• Raw data:
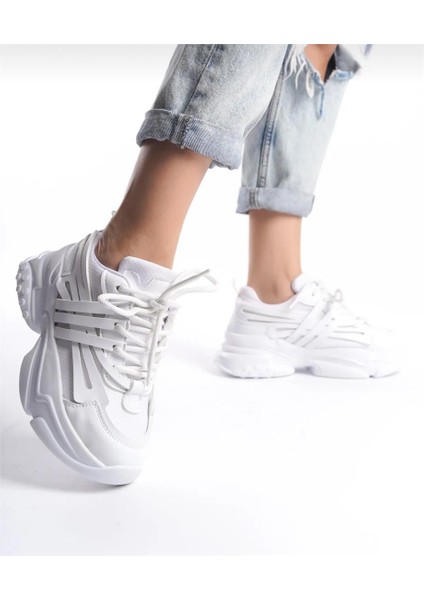 Kadın Bağcıklı Şeritli Spor Ayakkabı-Beyaz fiyatları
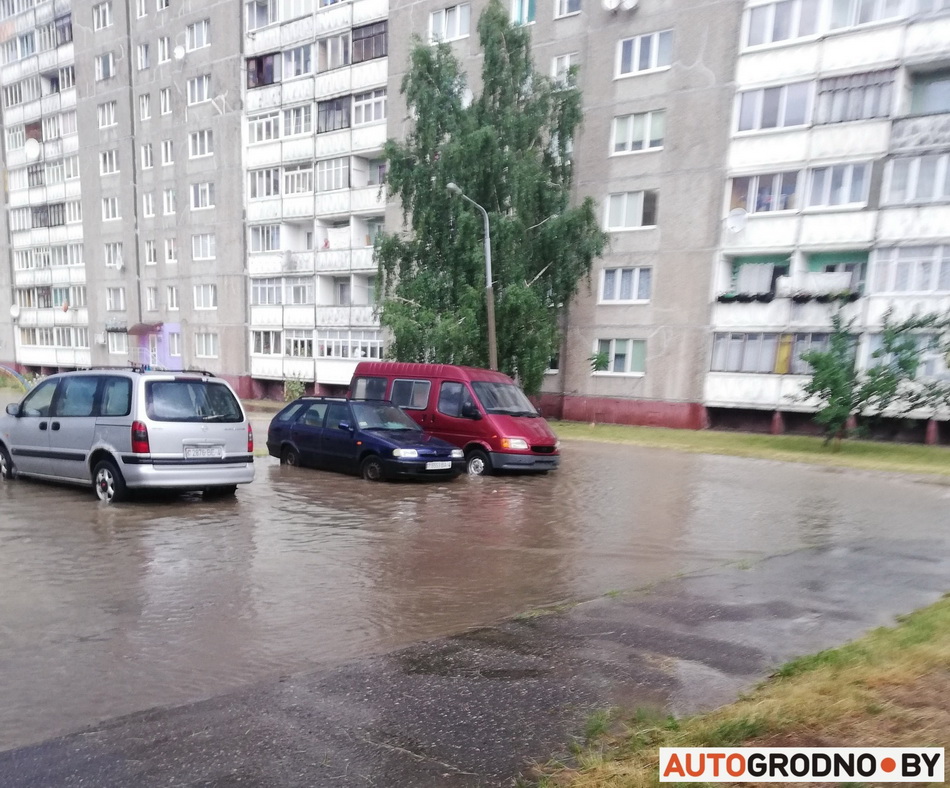 Ливень в Гродно: затопило кольцо на Суворова, Клецкова, Соломовой Ливень в Гродно: затопило кольцо на Суворова, Клецкова, Соломовой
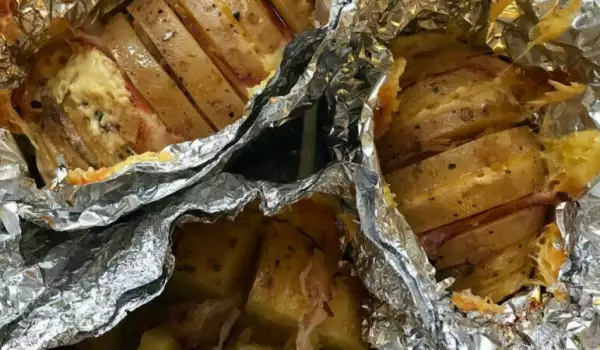 Класически турски пълнени картофи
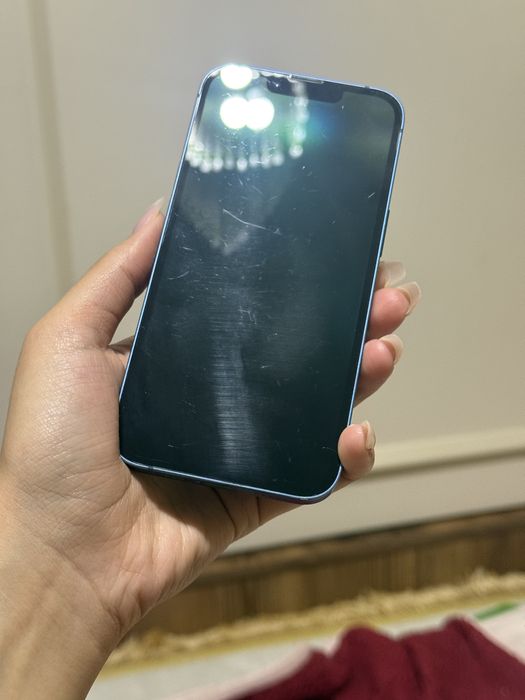 Iphone 13 белый и синий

• Assignment: All of the material above is to be copied exactly, with no pictures.

• Result for this exercise:
 Kadın Bağcıklı Şeritli Spor Ayakkabı-Beyaz fiyatları
 Ливень в Гродно: затопило кольцо на Суворова, Клецкова, Соломовой Ливень в Гродно: затопило кольцо на Суворова, Клецкова, Соломовой
 Класически турски пълнени картофи
 Iphone 13 белый и синий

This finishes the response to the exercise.